A multa a pedestres e ciclistas já constava do Código de Trânsito Brasileiro, de 1997. Em 2017, o órgão responsável pela regulamentação das leis do trânsito, o Contran, emitiu uma resolução 706/17, anunciando que isso seria feito em 2019. A partir de agora, os municípios terão que anunciar suas medidas para cumprir a lei. Você pode ser multado se:
- Andar na rua
- Permanecer na rua
- Atravessar fora da faixa
E outros casos, conforme os artigos 254 e 255 do CTB.
Ou seja, seremos todos multados.
Você sai com o carrinho de bebê mas a calçada está toda esburacada e você desce até a rua para conseguir andar. E é multada.
Você sai de um jogo de futebol e segue a multidão que toma as ruas. E é multado.
Você atravessa a rua no meio do quarteirão para conseguir ter um mínimo de certeza de que não vai ser atropelado na esquina. E é multado.
Ou seja, não é só andar que está ameaçado. É a própria permanência na rua.
Dá até para entender por que o legislador propôs algo assim. O trânsito brasileiro mata 37 mil pessoas por ano. Só em São Paulo, são quase 900 pessoas por ano, a maior parte de pedestres. Entretanto, uma proposta como essa revela um desconhecimento da realidade das cidades brasileiras e – eu apostaria nisso – uma falta de se colocar no papel do pedestre para tomar decisões.
Há pelo menos três razões para pensar melhor antes de seguir adiante com uma lei dessas.
Primeira razão: a lei é impossível de ser cumprida
Não é preciso dar muitas voltas para constatar que as calçadas de São Paulo repelem os pedestres e muitas vezes os empurram para as ruas. Carros estacionados calçada, sacos de lixo, calçadas estreitas, postes, grades e mesas. E há muitos lugares onde simplesmente não há calçadas, principalmente nas ruas da periferia.
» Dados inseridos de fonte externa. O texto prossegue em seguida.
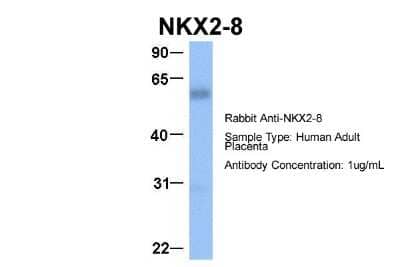 Western Blot: NKX2.8 Antibody [NBP2-87923] - Host: Rabbit. Target Name: NKX2-8. Sample Type: Human Adult Placenta. Antibody Dilution: 1.0ug/ml
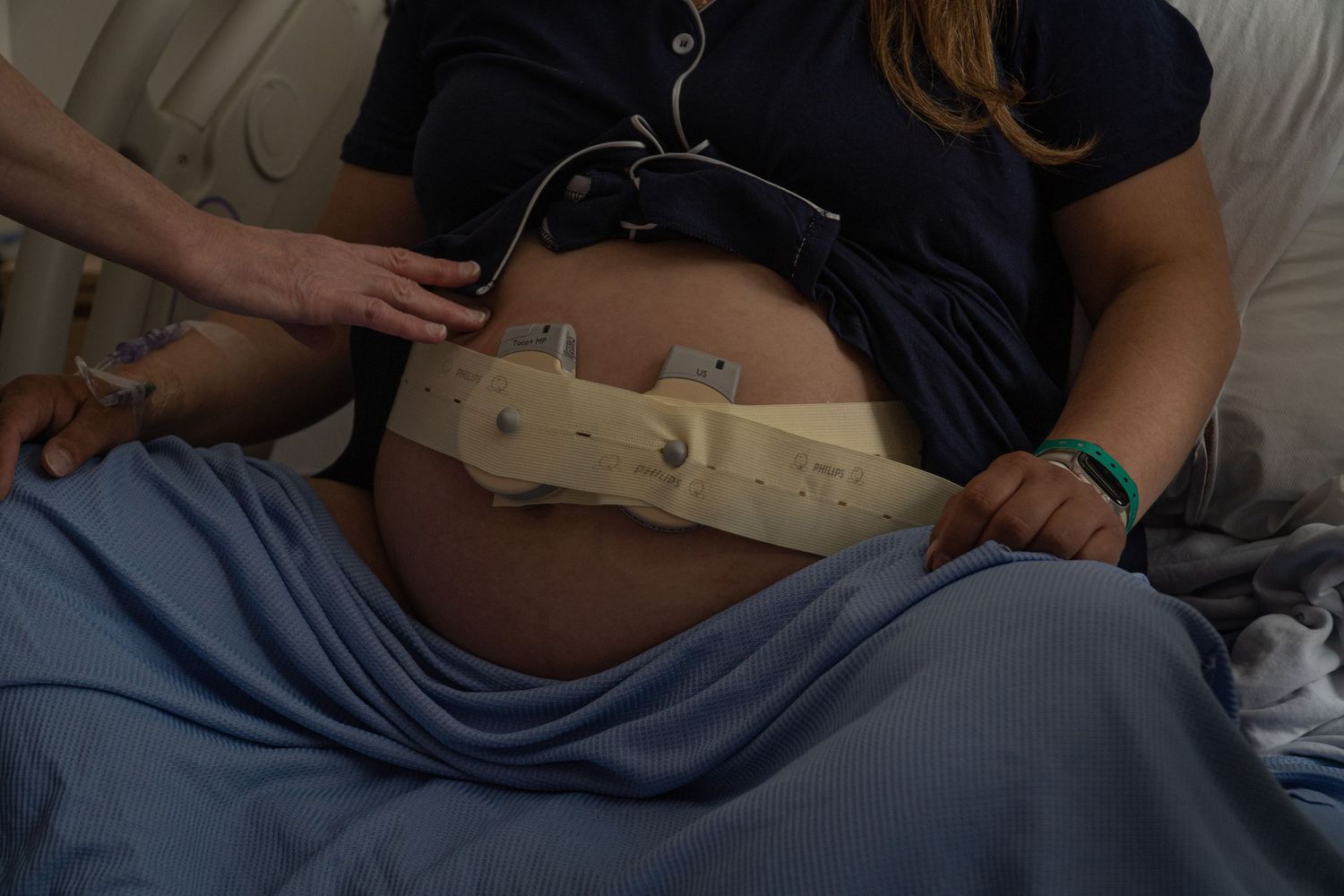 Close-up of a pregnant woman's belly with fetal heart rate monitor straps attached in hospital.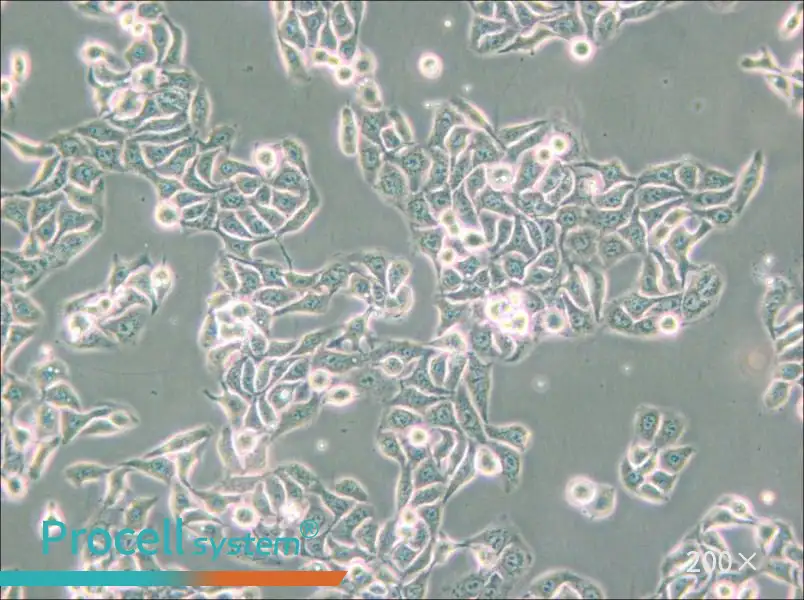 RT-112 Cell Complete Medium - small - 5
Segunda razão: a lei é injusta
Numa cidade ideal, com calçadas largas, lisas, bem cuidadas, com faixas de pedestre em toda parte, motoristas educados, semáforos que funcionam, é possível pensar em exigir um comportamento exemplar das pessoas que andam a pé.
São Paulo é construída para o fluxo de automóveis e quem anda a pé tem que se adaptar a um sistema inamistoso e perigoso.
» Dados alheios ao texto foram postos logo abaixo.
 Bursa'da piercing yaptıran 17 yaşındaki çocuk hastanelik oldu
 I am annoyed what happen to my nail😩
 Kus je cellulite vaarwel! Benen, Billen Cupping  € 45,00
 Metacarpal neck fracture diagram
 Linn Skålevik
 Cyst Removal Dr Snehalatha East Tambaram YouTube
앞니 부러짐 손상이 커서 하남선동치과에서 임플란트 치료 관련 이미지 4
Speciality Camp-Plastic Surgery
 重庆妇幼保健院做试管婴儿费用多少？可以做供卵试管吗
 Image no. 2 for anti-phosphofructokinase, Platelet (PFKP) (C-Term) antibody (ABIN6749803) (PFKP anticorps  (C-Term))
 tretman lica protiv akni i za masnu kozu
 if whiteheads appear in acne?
Terceira. A lei não pode ser fiscalizada
Em São Paulo, estima-se que o percentual dos deslocamentos que envolvem o pé seja próximo de 90%. São aqueles que vão a pé para a escola, o trabalho. E também aqueles que usam o pé para chegar até um ponto de ônibus, uma estação de trem. E ainda inclui aqueles que andam pelo menos um minuto para chegar até um aplicativo, um táxi ou para pegar o carro num estacionamento. Em algum momento do dia, quase todo mundo (com a exceção de quem só usa carro e tem estacionamento tanto na residência como no destino), anda um pouco a pé.
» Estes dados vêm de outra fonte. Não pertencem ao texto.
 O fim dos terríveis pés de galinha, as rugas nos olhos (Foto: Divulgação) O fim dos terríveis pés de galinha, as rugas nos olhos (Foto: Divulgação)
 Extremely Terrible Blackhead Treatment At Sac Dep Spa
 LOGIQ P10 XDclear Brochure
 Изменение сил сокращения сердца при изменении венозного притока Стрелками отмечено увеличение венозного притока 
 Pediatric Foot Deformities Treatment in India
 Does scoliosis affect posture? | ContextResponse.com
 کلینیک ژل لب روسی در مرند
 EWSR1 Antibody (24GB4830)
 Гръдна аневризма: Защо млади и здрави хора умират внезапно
Essa massa de pessoas – todos nós – será, do dia para a noite, fiscalizada. São 19,5 milhões de deslocamentos diários, em trajetos distintos, desde a periferia mais desprovida de infraestrutura até os calçadões do centro. Seremos todos vigiados, fiscalizados em nosso ato mais básico – andar a pé.
Uma questão prática surge: Como identificar um infrator? Pedir CPF, comprovante de endereço? Seremos obrigados a andar com uma placa de identificação?
“Fulano de tal, licença de pedestre número 1234”.
E, diante disso tudo, a pergunta inevitável: quem vai fiscalizar isso?
Perguntou-se à Prefeitura de São Paulo qual é a posição sobre a legislação. A resposta é que, enquanto não for regulamentada pelos órgãos federais, não há elementos para informar sobre a nova lei.